For this is love and nothing else is love,
The which it is reserved for God above
To sanctify to what far ends He will,
But which it only needs that we fulfill.
It was my birthday this week, I turned a speed limit. A most excellent age to be I have decided! Gone are the pretensions that I’ll get in better shape and run a marathon again. Instead, I’ve settled comfortably into a modest layer of middle age fat and come to grips that better only implies getting more comfortable with my infirmities and eccentricities. The good thing is mostly everything still works as a factory original. There are only a few age spots on the chassis and though it’s in need of an oil change, that can be arranged.
A birthday tradition going back a number of years is for me to see Greg Brown at the Cedar Cultural Center in Minneapolis. The Cedar is a miserable, uncomfortable, stifling hot theater whose air conditioning never works because it’s a non-profit. It is located in the arm pit of the West Bank of the University of Minnesota. Neither he, nor the venue, nor the aging hippies attending, have changed much, the smell of pot overwhelming on the patio during intermission.
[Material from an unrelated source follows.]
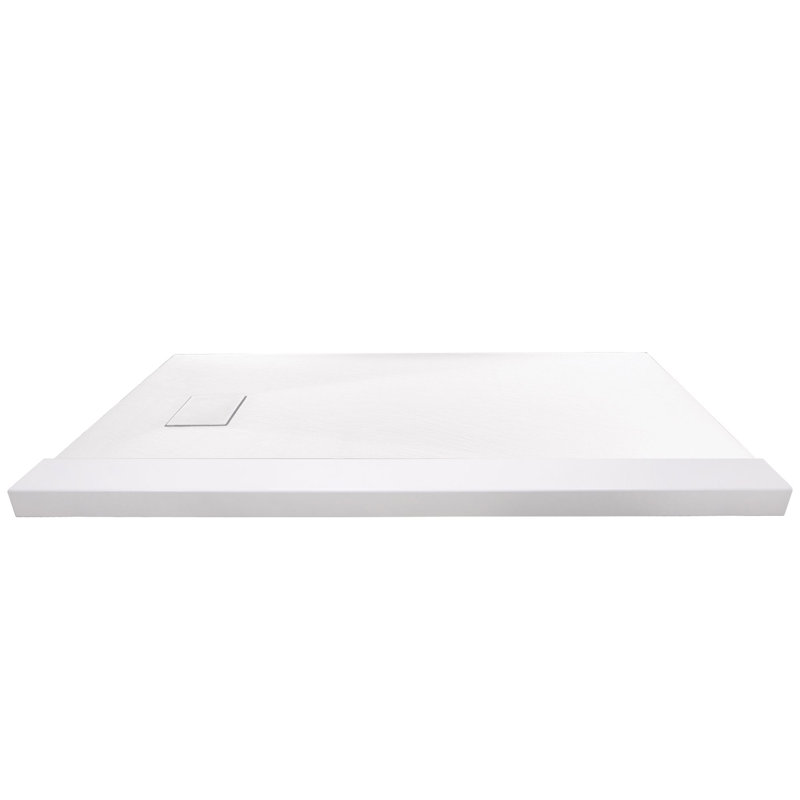 Transolid Trimslate 36-in Shower Base with Adjustable Single Threshold and End Drain, White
Why do I put up with going to the Cedar when there are umpteen better venues to see live music in the Twin Cities? It’s because it’s where I have to go to see Greg. I like to remember when sitting on folding chairs in a shit hole made me feel right at home. It grounds me that I haven’t gotten too big for my breeches. I can sweat right alongside the white-collar ex-hippies who all wish he would give up on this place and go play the Turf Club where the toilets don’t have a line half way around the lobby and the whole place doesn’t stink of urine from the homeless pissing on the concrete outside The Weinery next door. (Wish I was making this up, but even fiction can’t get that creative).
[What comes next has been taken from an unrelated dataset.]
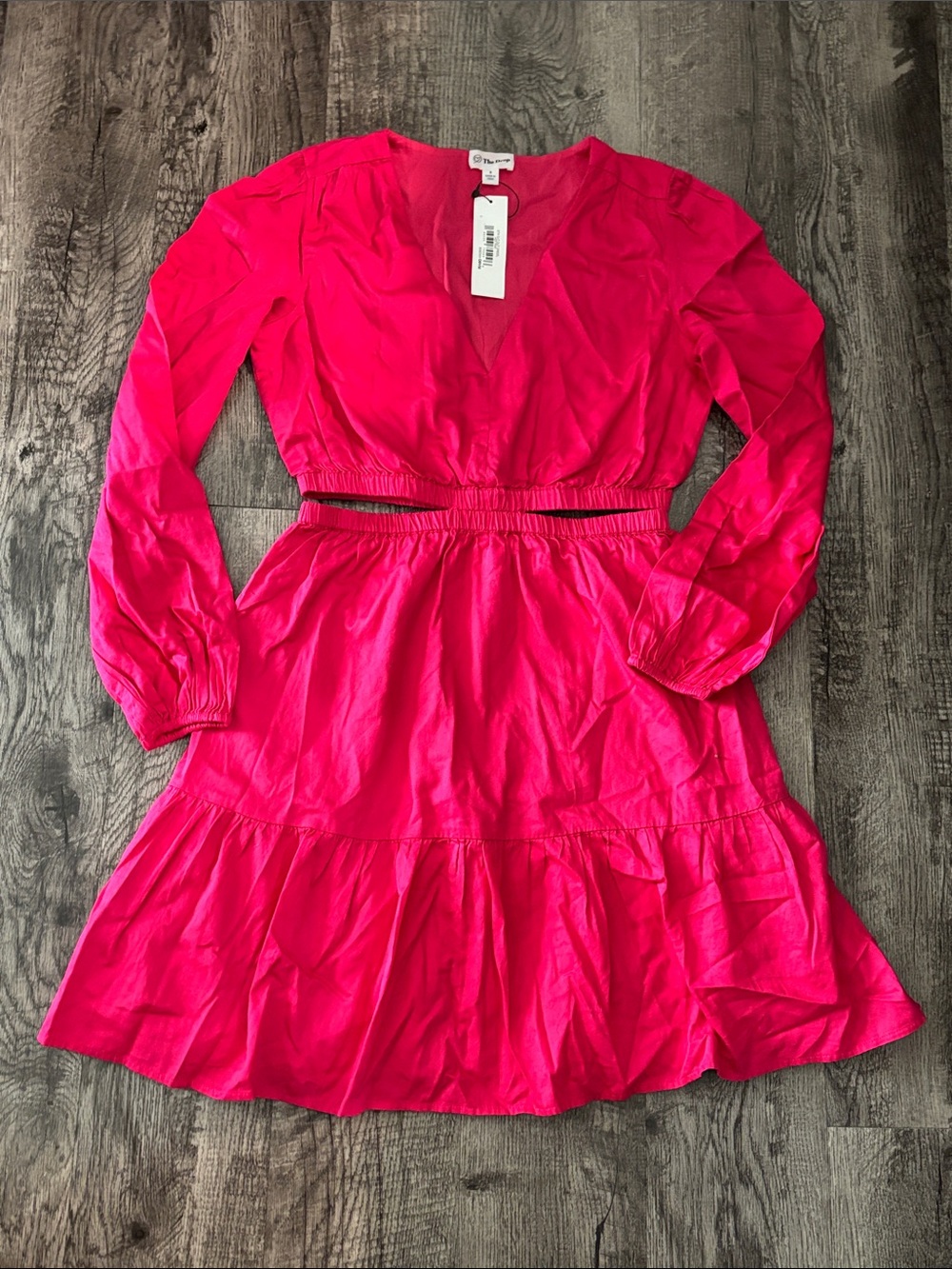 The Drop Long Sleeve Dress with Cutout - Hot Pink - Size Small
Brown plays the Cedar every year around my birthday. He has the current distinction of being the musician I have seen play live, more than any other, only because I have been going to see him since 1979 on the West Bank. Back then at the long since defunct Coffee House Extempore, the venue that the musicians headlining on Prairie Home Companion would often play for tip money the night before going on air with Garrison Keillor.
I have aged with Greg. I remember him as a lean, leather clad long-haired hipster, then as a rotund, overweight middle-aged hick in overalls, to now a slimmed down old man in a felt hat and faded sport coat. I remarked last night when he walked on stage, “damn he’s lost some weight” and the three overweight men all around me, looked at me wishing they had too.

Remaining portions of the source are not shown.